もちろん、乃木坂内では年上(しかも岩瀬さん卒業後は最年長)であり、後輩の面倒見もいいし、いろいろな人から頼られ、相談され、そこに真摯に向き合う姿勢は素晴らしい。
だが、その一方で、専門学校を卒業し、就職時期になっても、芸能人(彼女は女優志望だった)になる夢を捨てきれず、単身上京してアルバイトはカットモデルなどの仕事をしながらオーディションに応募し続けていたことを考えると、かなりの意志の強さ、頑固さがあったことがうかがえる。

また、番組の宣伝で一部切り取られていた「センターのオファーを断っていた」というのも、謙虚さの証明というよりも、「私が勝負したいのは歌ではない」という意識があったように思われる(事実彼女は歌がそれほど得意ではない(下手でもないけど)。
自分が得意でもない歌で目立つより、歌の上手い、あるいは歌で勝負したいほかのメンバーに譲ったほうがグループのためにもなるし、自分の将来にとってもプラスになると考えていたような気がするのである。

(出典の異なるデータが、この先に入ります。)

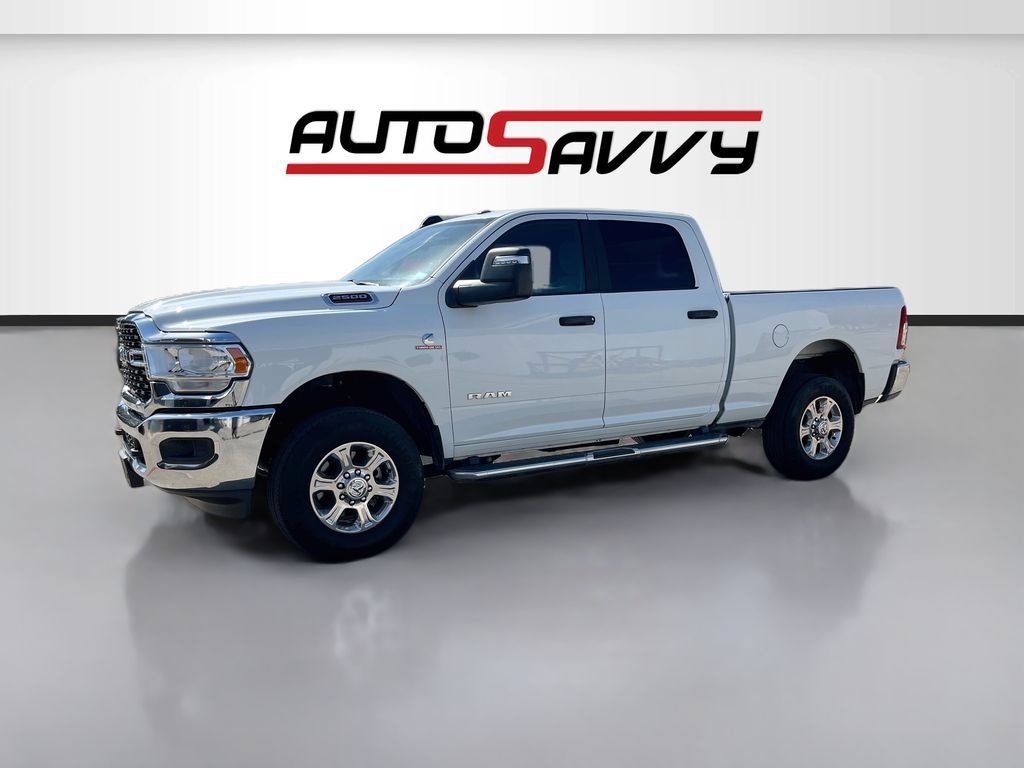 Used 2024 RAM 2500 Big Horn AWD/4WD image 3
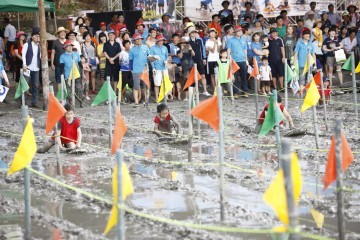 오는 12일‘벌교 천상갯벌’에서 뻘배 레이싱 GO! GO!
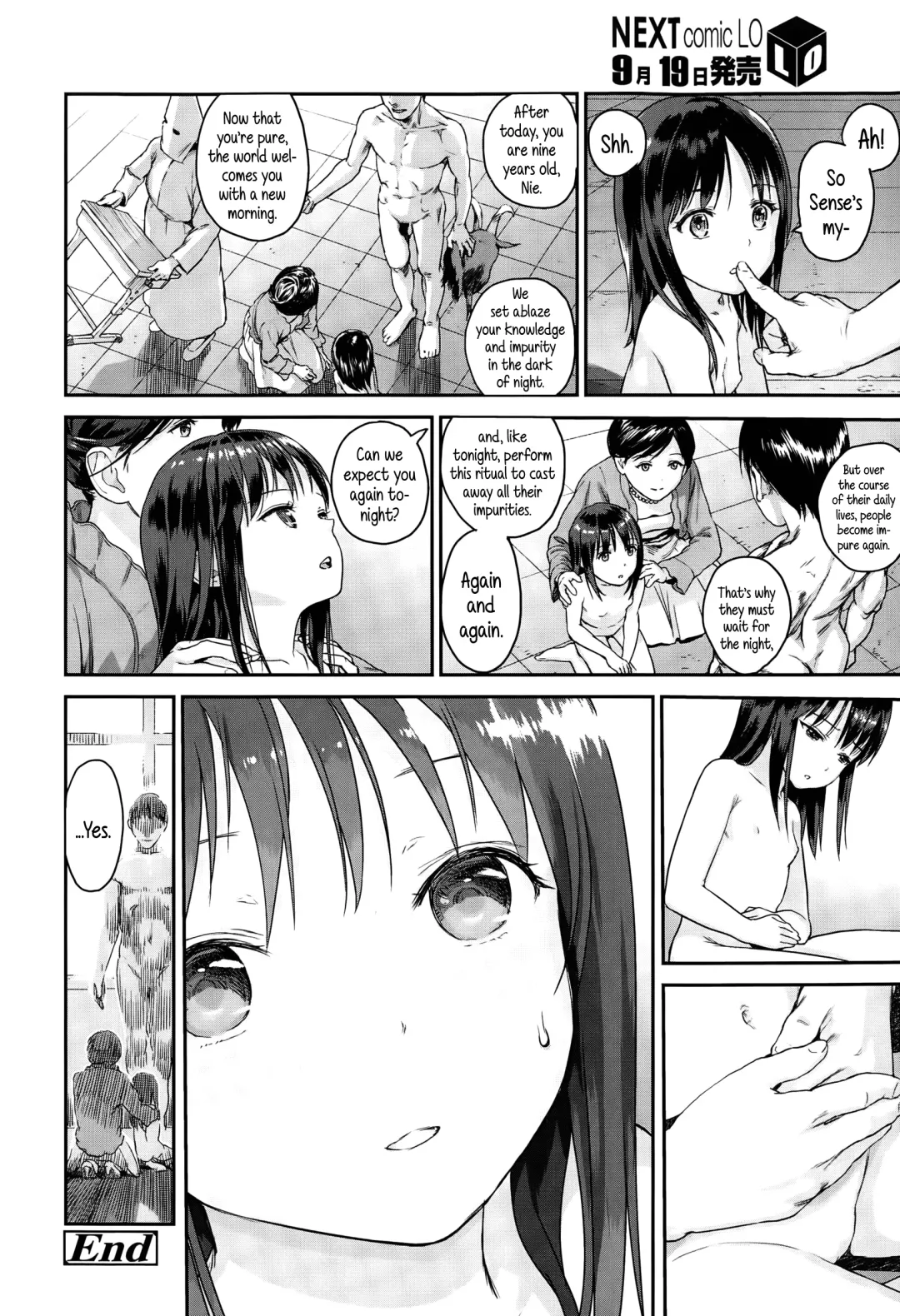 [Amagappa Shoujogun] Shinsei Gishiki | Divine Ritual Fhentai - Page 24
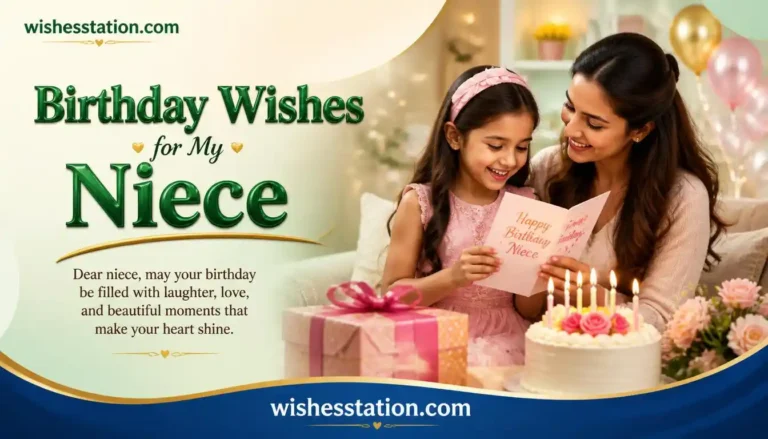 birthday wishes for my niece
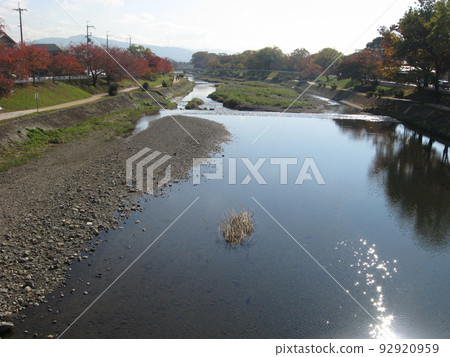 從美園橋向南看鴨川 從美園橋向南看鴨川 92920959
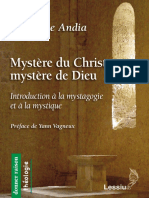 Mystère Du Christ, Mystère de Dieu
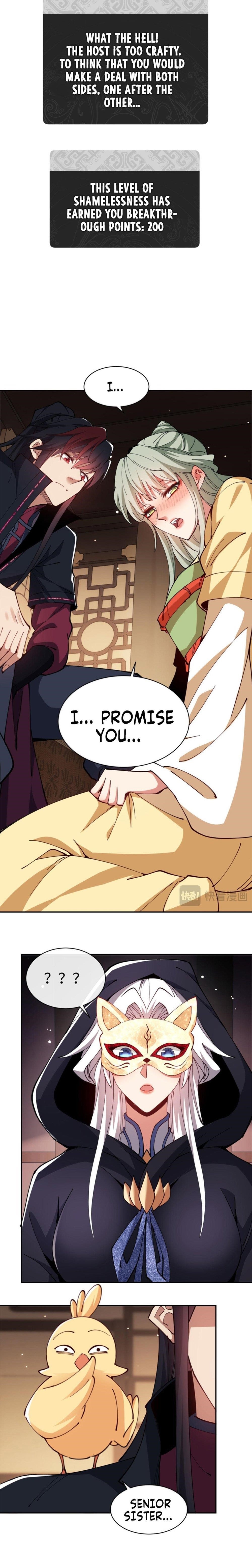 Master: This Villainous Disciple Is Not The Holy Child Chapter 36 - Page 12 in English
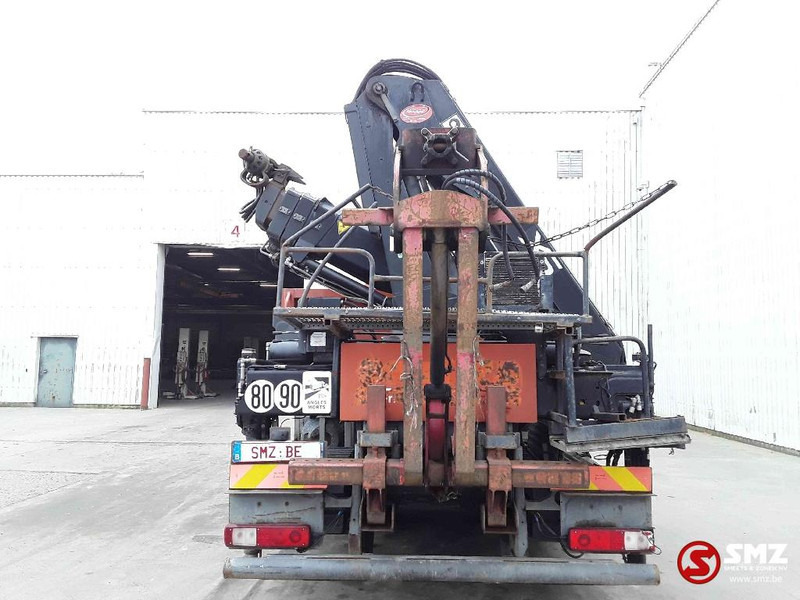 Camión caja abierta, Camión grúa Renault Kerax 430 hiab 166 B- +remote: foto 10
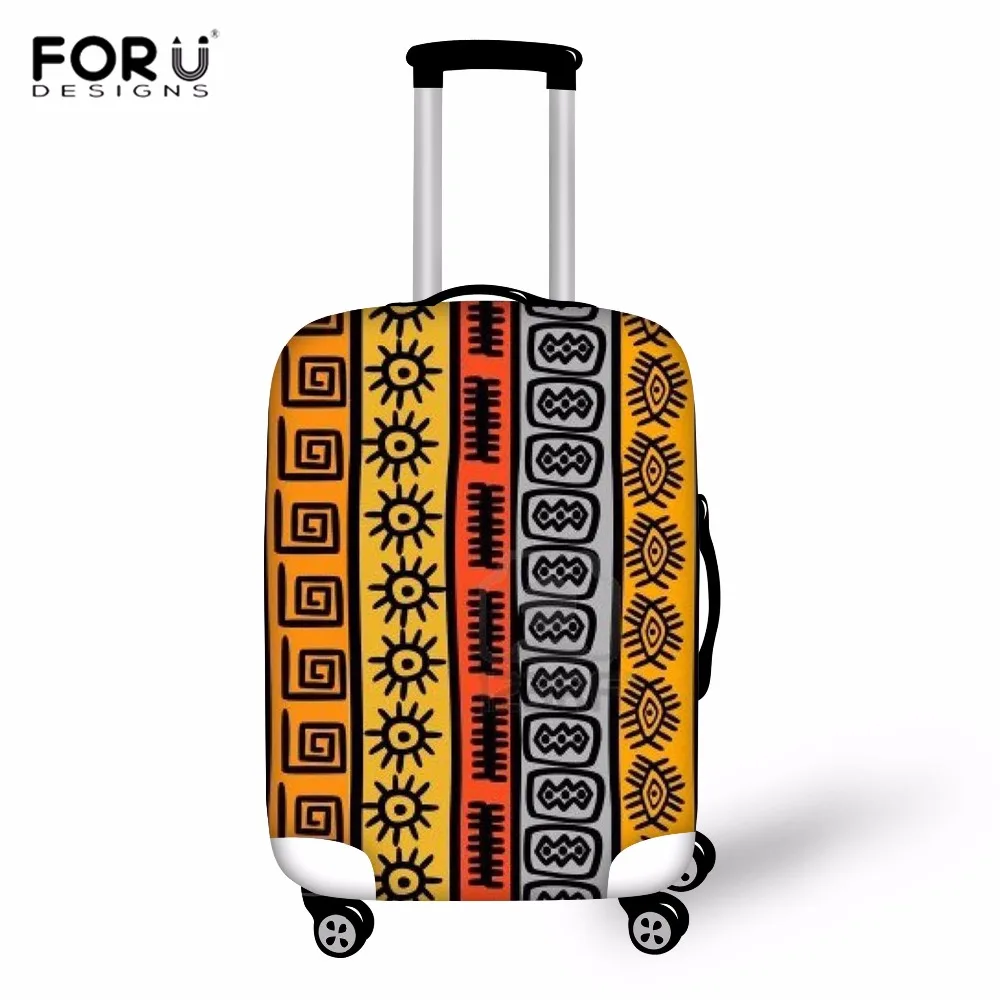 Дорожные аксессуары FORUDESIGNS, Защитные чехлы для багажа с Африканским традиционным принтом, чехол 18-30 дюймов, пылезащитный чехол, чехол для ко...
Дорожные аксессуары FORUDESIGNS, Защитные чехлы для багажа с Африканским традиционным принтом, чехол 18-30 дюймов, пылезащитный чехол, чехол для ко...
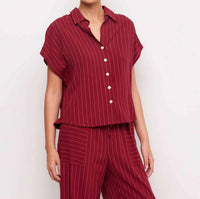 Fifteen Twenty - Women's Collette Button Up Top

「やさしさ」ってのは、便利なもので、ときとして自分自身のハードルを下げることになる。
何か失敗しても「あの人は優しいから」とか「いつもお世話になっているから」と周囲の協力を得られやすいし、フォローもされやすい。
だが、深川麻衣という人は、そういう期待(悪く言えば打算)などなく、おそらく当たり前のこととしてふるまっているだけで、むしろ「聖母」「いい人」といわれて当惑していたことのほうが多かった気がする。

If I wasn't hard, I wouldn't be alive. If I couldn't ever be gentle, I wouldn't deserve to be alive.
「優しいだけでは生きていけない。だが、優しくなければ生きている資格はない」というのは、レイモンド・チャンドラーの小説の一節だが、深川麻衣さんは、まさにそういう生き方ができる、稀有な存在であり、またそのことが最大の魅力なのだと思う。